* **Task goal**
Scan the records beneath this line for the line holding "Busty cougar pussylicking lesbian babe" and the line holding "Wood Pedestal Soap", then transcribe exactly those two and all lines between.

* **Data to use**
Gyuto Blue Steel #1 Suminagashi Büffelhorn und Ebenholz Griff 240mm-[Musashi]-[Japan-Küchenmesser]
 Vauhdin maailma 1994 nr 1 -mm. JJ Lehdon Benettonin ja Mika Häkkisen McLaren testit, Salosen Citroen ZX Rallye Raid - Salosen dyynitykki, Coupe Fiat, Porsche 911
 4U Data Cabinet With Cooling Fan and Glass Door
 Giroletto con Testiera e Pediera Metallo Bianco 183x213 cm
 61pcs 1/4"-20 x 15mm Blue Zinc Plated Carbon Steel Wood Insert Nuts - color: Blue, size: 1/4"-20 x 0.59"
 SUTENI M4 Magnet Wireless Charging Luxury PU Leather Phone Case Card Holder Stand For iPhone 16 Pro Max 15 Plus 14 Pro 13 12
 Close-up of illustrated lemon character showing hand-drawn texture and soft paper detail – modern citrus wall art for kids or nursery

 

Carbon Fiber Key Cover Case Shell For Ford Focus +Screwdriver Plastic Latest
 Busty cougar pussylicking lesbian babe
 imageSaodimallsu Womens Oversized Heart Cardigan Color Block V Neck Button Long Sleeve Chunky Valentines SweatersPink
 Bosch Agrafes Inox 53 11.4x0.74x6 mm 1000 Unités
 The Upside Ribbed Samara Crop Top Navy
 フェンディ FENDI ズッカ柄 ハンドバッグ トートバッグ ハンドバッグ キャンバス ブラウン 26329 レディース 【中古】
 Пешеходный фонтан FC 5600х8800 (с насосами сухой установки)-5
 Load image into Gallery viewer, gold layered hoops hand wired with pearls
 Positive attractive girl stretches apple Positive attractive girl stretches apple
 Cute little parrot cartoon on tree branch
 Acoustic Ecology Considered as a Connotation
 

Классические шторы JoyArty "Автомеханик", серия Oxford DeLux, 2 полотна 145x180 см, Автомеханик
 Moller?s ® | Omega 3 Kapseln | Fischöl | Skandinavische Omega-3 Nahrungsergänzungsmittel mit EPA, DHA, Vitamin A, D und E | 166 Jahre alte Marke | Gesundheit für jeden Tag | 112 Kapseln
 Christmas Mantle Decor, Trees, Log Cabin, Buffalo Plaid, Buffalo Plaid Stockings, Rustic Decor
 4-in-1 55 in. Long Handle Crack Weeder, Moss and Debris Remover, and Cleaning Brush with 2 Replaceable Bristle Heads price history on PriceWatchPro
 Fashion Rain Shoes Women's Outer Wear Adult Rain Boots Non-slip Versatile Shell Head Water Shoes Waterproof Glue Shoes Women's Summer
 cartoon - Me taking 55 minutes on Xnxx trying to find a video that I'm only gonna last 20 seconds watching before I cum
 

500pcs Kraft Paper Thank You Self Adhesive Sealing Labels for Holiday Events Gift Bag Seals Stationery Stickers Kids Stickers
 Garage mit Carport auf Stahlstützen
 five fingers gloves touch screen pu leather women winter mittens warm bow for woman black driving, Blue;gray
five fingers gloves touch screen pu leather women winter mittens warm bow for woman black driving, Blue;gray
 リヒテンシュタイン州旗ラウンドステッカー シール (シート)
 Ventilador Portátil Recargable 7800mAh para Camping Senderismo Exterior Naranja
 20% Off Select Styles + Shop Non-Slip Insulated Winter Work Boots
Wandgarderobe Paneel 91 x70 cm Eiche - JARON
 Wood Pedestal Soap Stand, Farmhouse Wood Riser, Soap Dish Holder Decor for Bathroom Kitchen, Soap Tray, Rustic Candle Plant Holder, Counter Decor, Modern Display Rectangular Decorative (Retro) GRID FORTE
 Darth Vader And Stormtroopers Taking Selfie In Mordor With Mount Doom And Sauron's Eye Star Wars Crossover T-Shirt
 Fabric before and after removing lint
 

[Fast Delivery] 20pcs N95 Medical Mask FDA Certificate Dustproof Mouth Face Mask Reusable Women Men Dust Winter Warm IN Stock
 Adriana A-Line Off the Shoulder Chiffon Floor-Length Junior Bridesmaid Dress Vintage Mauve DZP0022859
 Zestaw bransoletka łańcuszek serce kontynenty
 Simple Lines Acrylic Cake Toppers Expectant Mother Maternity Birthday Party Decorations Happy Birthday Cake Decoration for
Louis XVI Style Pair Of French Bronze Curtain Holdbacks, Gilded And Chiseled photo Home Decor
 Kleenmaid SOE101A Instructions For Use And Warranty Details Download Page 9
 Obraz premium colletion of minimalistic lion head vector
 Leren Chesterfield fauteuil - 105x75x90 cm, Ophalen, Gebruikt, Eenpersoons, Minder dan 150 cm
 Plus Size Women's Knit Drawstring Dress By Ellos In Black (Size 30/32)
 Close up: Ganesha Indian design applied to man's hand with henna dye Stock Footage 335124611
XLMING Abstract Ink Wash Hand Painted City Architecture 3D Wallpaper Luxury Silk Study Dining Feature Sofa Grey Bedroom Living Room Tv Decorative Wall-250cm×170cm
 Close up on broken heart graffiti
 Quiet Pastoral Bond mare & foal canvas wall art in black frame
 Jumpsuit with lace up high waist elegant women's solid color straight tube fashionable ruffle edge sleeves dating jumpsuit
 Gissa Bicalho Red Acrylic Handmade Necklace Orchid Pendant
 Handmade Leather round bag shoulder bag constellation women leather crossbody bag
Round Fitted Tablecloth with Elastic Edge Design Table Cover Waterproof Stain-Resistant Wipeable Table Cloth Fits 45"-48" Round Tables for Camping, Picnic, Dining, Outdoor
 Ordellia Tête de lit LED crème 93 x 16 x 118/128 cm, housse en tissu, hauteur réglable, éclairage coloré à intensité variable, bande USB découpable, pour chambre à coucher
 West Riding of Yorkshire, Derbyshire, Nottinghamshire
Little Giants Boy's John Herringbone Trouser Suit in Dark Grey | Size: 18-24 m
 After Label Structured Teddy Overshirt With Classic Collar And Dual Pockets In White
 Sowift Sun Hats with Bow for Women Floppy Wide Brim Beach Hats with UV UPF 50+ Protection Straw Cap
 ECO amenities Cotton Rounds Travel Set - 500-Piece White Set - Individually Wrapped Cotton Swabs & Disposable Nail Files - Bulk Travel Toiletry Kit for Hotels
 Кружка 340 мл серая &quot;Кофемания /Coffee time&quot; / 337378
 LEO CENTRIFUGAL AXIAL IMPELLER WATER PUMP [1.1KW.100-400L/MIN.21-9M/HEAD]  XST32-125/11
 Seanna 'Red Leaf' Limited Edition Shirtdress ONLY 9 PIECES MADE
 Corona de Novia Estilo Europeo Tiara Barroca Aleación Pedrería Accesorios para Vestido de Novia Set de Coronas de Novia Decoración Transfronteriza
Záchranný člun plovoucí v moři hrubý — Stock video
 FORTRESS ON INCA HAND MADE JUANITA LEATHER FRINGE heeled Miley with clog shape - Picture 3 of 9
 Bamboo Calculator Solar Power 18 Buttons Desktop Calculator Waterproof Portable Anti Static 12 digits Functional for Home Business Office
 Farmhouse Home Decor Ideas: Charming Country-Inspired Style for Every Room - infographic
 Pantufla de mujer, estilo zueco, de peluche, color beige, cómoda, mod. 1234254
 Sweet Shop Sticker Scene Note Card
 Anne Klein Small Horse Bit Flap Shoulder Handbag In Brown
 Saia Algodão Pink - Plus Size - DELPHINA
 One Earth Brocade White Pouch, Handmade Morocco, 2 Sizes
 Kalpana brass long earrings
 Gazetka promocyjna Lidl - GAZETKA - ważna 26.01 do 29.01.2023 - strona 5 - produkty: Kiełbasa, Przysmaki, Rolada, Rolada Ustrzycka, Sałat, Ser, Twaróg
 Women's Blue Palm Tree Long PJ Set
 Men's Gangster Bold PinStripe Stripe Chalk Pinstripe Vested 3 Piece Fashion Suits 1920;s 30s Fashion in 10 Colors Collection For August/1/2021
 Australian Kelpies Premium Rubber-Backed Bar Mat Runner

* **Exercise response**
 Busty cougar pussylicking lesbian babe
 imageSaodimallsu Womens Oversized Heart Cardigan Color Block V Neck Button Long Sleeve Chunky Valentines SweatersPink
 Bosch Agrafes Inox 53 11.4x0.74x6 mm 1000 Unités
 The Upside Ribbed Samara Crop Top Navy
 フェンディ FENDI ズッカ柄 ハンドバッグ トートバッグ ハンドバッグ キャンバス ブラウン 26329 レディース 【中古】
 Пешеходный фонтан FC 5600х8800 (с насосами сухой установки)-5
 Load image into Gallery viewer, gold layered hoops hand wired with pearls
 Positive attractive girl stretches apple Positive attractive girl stretches apple
 Cute little parrot cartoon on tree branch
 Acoustic Ecology Considered as a Connotation
 

Классические шторы JoyArty "Автомеханик", серия Oxford DeLux, 2 полотна 145x180 см, Автомеханик
 Moller?s ® | Omega 3 Kapseln | Fischöl | Skandinavische Omega-3 Nahrungsergänzungsmittel mit EPA, DHA, Vitamin A, D und E | 166 Jahre alte Marke | Gesundheit für jeden Tag | 112 Kapseln
 Christmas Mantle Decor, Trees, Log Cabin, Buffalo Plaid, Buffalo Plaid Stockings, Rustic Decor
 4-in-1 55 in. Long Handle Crack Weeder, Moss and Debris Remover, and Cleaning Brush with 2 Replaceable Bristle Heads price history on PriceWatchPro
 Fashion Rain Shoes Women's Outer Wear Adult Rain Boots Non-slip Versatile Shell Head Water Shoes Waterproof Glue Shoes Women's Summer
 cartoon - Me taking 55 minutes on Xnxx trying to find a video that I'm only gonna last 20 seconds watching before I cum
 

500pcs Kraft Paper Thank You Self Adhesive Sealing Labels for Holiday Events Gift Bag Seals Stationery Stickers Kids Stickers
 Garage mit Carport auf Stahlstützen
 five fingers gloves touch screen pu leather women winter mittens warm bow for woman black driving, Blue;gray
five fingers gloves touch screen pu leather women winter mittens warm bow for woman black driving, Blue;gray
 リヒテンシュタイン州旗ラウンドステッカー シール (シート)
 Ventilador Portátil Recargable 7800mAh para Camping Senderismo Exterior Naranja
 20% Off Select Styles + Shop Non-Slip Insulated Winter Work Boots
Wandgarderobe Paneel 91 x70 cm Eiche - JARON
 Wood Pedestal Soap Stand, Farmhouse Wood Riser, Soap Dish Holder Decor for Bathroom Kitchen, Soap Tray, Rustic Candle Plant Holder, Counter Decor, Modern Display Rectangular Decorative (Retro) GRID FORTE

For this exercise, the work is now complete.